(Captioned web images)
★ ★ ★ ★

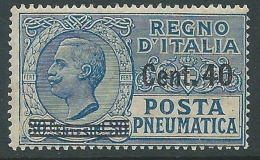 1924-25 REGNO POSTA PNEUMATICA SOPRASTAMPATO 40 SU 30 CENT MNH ** - CZ15-3 - Pneumatische Post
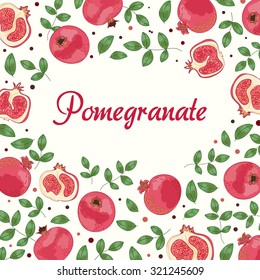 Vector banner with pomegranate background
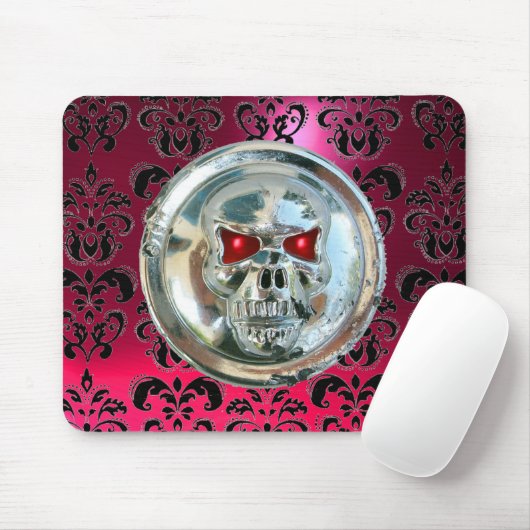 CHROME SKULL, Damaskus, rosafarbene Ruby Mousepad (Mit Mouse)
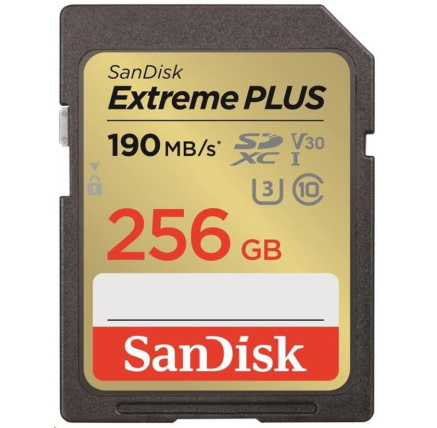 SanDisk SDXC karta 256GB Extreme PLUS (R 190 MB/s  W130 MB/s Class 10, UHS-I U3 V30)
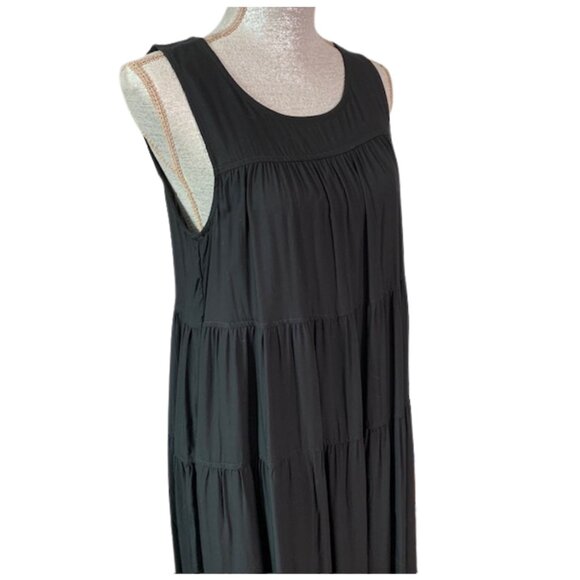 MAX STUDIO Tiered Sleeveless Maxi Dress in Black SIZE LARGE, NWT - Picture 8 of 12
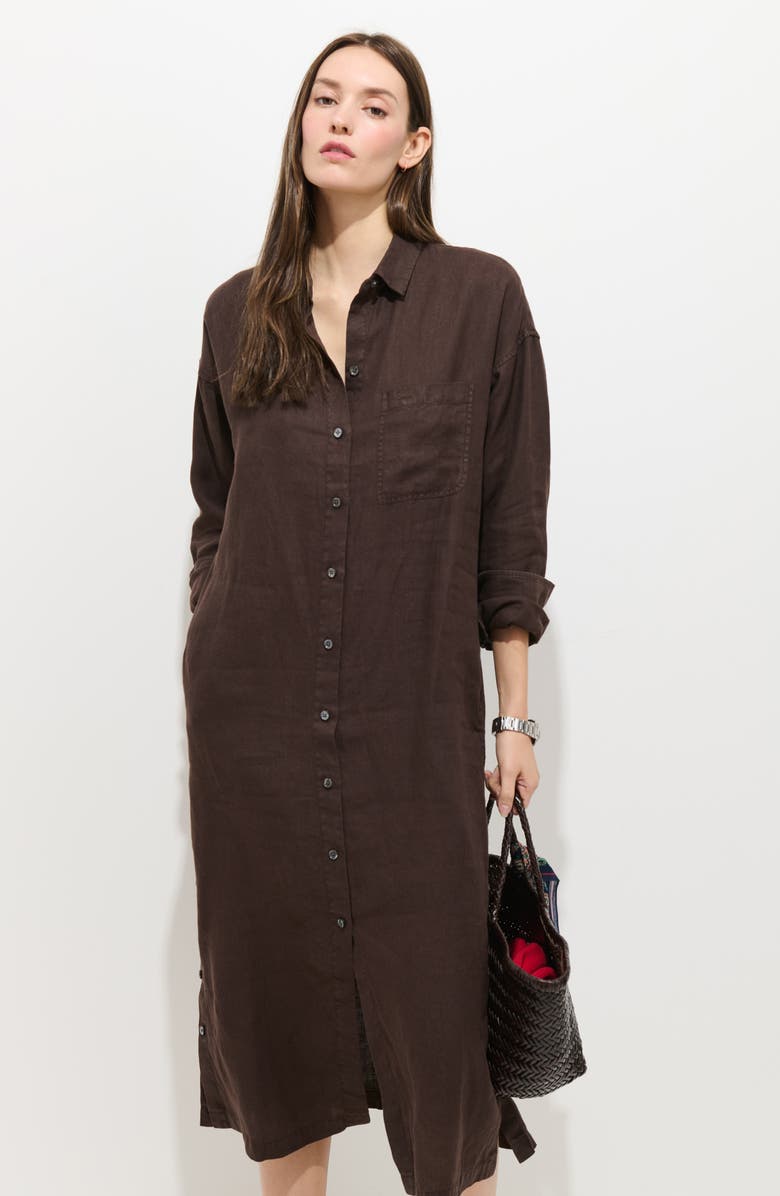 Alex Mill Kerry Linen Midi Shirtdress, Alternate, color, Dark Brown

★ ★ ★ ★

● Description of the task:
Word for word, repeat all the data, but not its images.

● Exercise output:
 1924-25 REGNO POSTA PNEUMATICA SOPRASTAMPATO 40 SU 30 CENT MNH ** - CZ15-3 - Pneumatische Post
 Vector banner with pomegranate background
 CHROME SKULL, Damaskus, rosafarbene Ruby Mousepad (Mit Mouse)
 SanDisk SDXC karta 256GB Extreme PLUS (R 190 MB/s  W130 MB/s Class 10, UHS-I U3 V30)
 MAX STUDIO Tiered Sleeveless Maxi Dress in Black SIZE LARGE, NWT - Picture 8 of 12
 Alex Mill Kerry Linen Midi Shirtdress, Alternate, color, Dark Brown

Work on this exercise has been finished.